Description of problem: In recent builds of 4.6, baremetal IPI installs have been failing due to issues with the DHCP-assigned IP changing. It looks like this is because the dhclient binary is missing, which causes the mechanism used to ensure consistent IPs between dracut and NetworkManager to break. Oddly, the dhcp-client package appears to be installed: # rpm -ql dhcp-client | grep sbin /usr/sbin/dhclient /usr/sbin/dhclient-script However, those files don't actually exist: # /usr/sbin/dhclient bash: /usr/sbin/dhclient: No such file or directory How reproducible: Always Steps to Reproduce: 1. Attempt to deploy baremetal IPI. Actual results: Nodes get a different IP address after their initial reboot, which breaks OpenShift service configuration. Expected results: Nodes get same IP after reboot. Additional info: This problem is not present in a current 4.5 image.
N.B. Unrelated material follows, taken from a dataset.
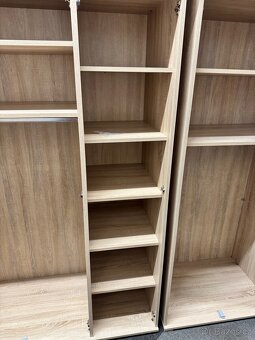 1x Krásná vysoká šatní skřín s nástavbou dub Sonoma - 6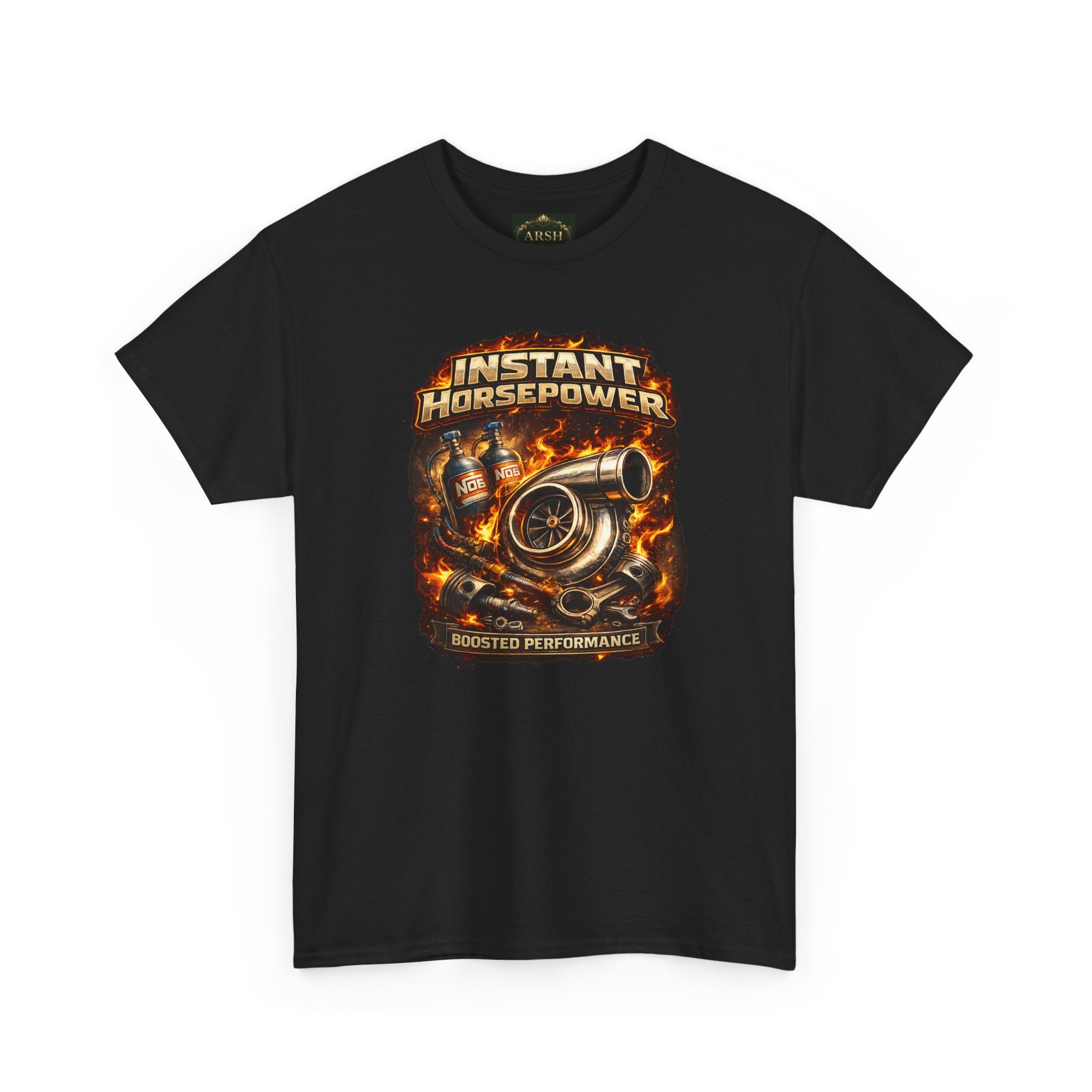 Instant Horsepower T-Shirt — Turbocharger Engine Racing Tee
We switched to dhcp=internal with RHEL 8.2. See also https://bugzilla.redhat.com/show_bug.cgi?id=1204226 This also came up with https://bugzilla.redhat.com/show_bug.cgi?id=1800901 What are you doing with dhclient?
Oh, you're saying we get a different IP address in the initramfs versus the real root? This reminds me of https://github.com/coreos/fedora-coreos-config/pull/82
I believe that was the motivation for us to use dhclient, yeah. It didn't break us to have different addresses, but it was a bit confusing and wasted addresses in the deployer environment. I think the problem now is that we still force dhclient, so before pivot we use that client, then after the pivot we end up with internal and get a different address. That does break us, at least on IPv6.
Ahhh right, we're pivoting from 4.5 bootimages still. OK so this one should be fixed when we update the pinned RHCOS in the installer.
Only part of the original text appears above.